## Recorded data
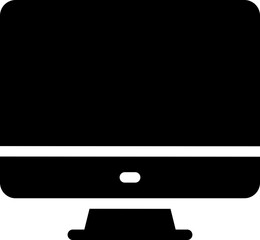 Sleek Black Computer Monitor Icon for Technology and Design Projects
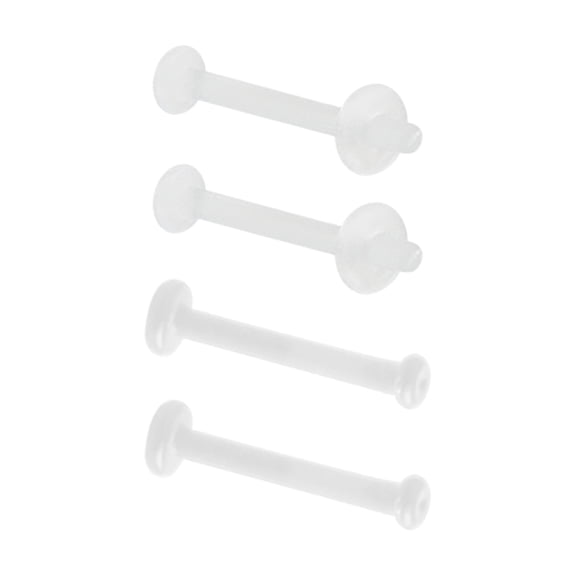 Body Jewelry 16G Unisex Adult Lip Retainer Clear Bioflex (No Metal) 4 Piece Set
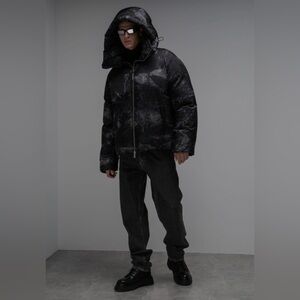 OFF-WHITE Logo-Jacquard Zip Down Puffer Jacket - Black-1 and Gray (Men’s : M)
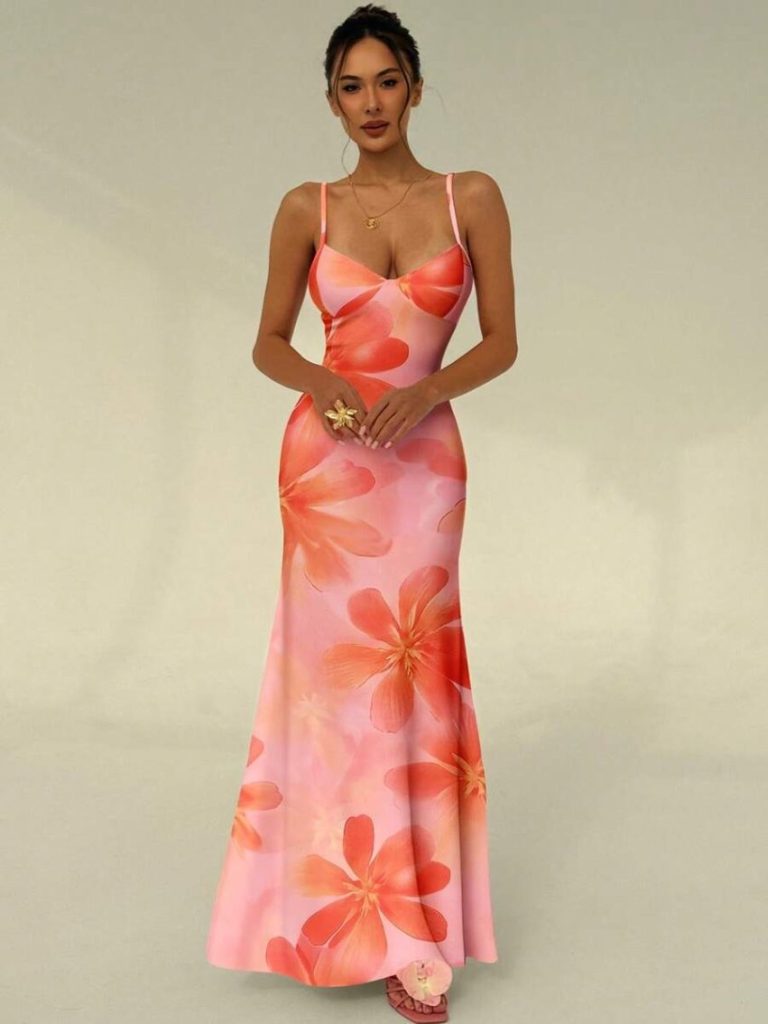 Pink Floral Backless Maxi Dress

## Action item
Pictures are to be omitted; otherwise, write out the data exactly as it appears.

## Result of the task
 Sleek Black Computer Monitor Icon for Technology and Design Projects
 Body Jewelry 16G Unisex Adult Lip Retainer Clear Bioflex (No Metal) 4 Piece Set
 OFF-WHITE Logo-Jacquard Zip Down Puffer Jacket - Black-1 and Gray (Men’s : M)
 Pink Floral Backless Maxi Dress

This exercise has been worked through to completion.